3月の日経平均は7.9%の変動
3月相場は波乱となりました。米シリコンバレー銀行(SVB)の経営破綻を受けて海外市場に混乱が波及し、日経平均は一時27,000円を割り込む場面もありました。
ただ、日経平均は過去30年程度のデータを振り返ると、3月は高値と安値の変動率は12ヶ月のうちで最も大きくなりやすい傾向があります。それを踏まえると、2023年の3月は肌感覚ではかなり大きく動いた感じがしますが、実際は7.9%の変動と動きのなかった2月の反動程度に過ぎず、特段と違和感はありません。
4月相場、金融株は不利な状況ながらハイテク株の買いは続くのか
さて、東京市場は名実ともに4月相場に突入しました。4月の日本株は12ヶ月のうちで相対的に上昇率が高く、海外勢による資金流入期待が高まる傾向があるのは有名です。

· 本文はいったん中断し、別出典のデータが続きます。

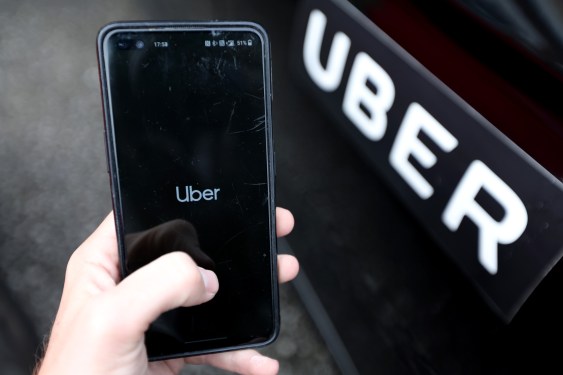 hand holding phone displaying Uber app next to Uber car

米国市場も4月は相対的に好調な月です。米連邦準備制度理事会(FRB)による早期の利上げ打ち止め期待が高まる中、3月末までの四半期ベースで、ダウ平均は0.4%高と小幅高にとどまりましたが、S&P500は7.0%高、ハイテク株主体のナスダックに関しては16.8%高と2020年第2四半期以来の大幅高となりました。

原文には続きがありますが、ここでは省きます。